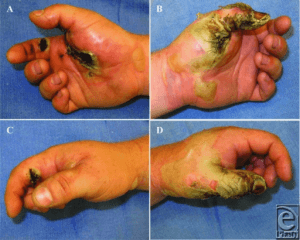 high-voltage electrical injury high-voltage electrical injury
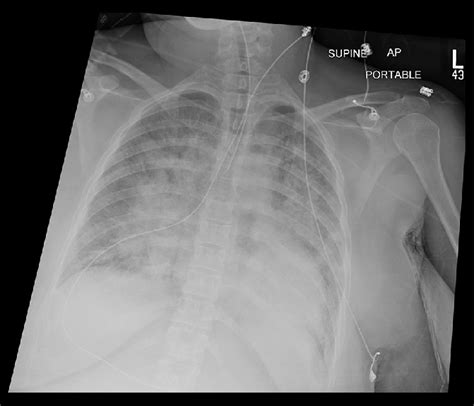 Chest X Ray Of The Patient Showing Bilateral Fluffy Infiltrates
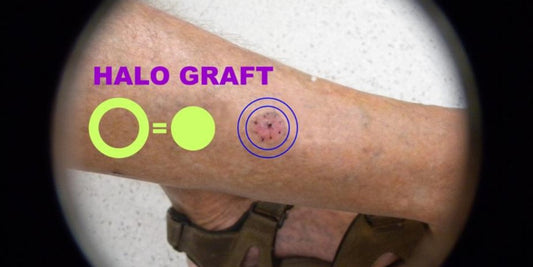 Biopsy, Haemostasis and Halo grafting for skin cancer medicine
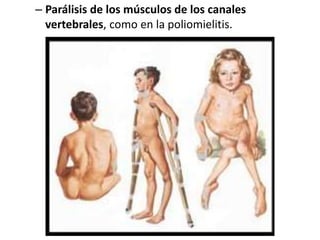 – Parálisis de los músculos de los canales
vertebrales, como en la poliomielitis.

## TASK REQUIREMENTS
When you retype the data above, match every line exactly and leave the pictures behind.

## EXERCISE OUTPUT
 high-voltage electrical injury high-voltage electrical injury
 Chest X Ray Of The Patient Showing Bilateral Fluffy Infiltrates
 Biopsy, Haemostasis and Halo grafting for skin cancer medicine
 – Parálisis de los músculos de los canales
vertebrales, como en la poliomielitis.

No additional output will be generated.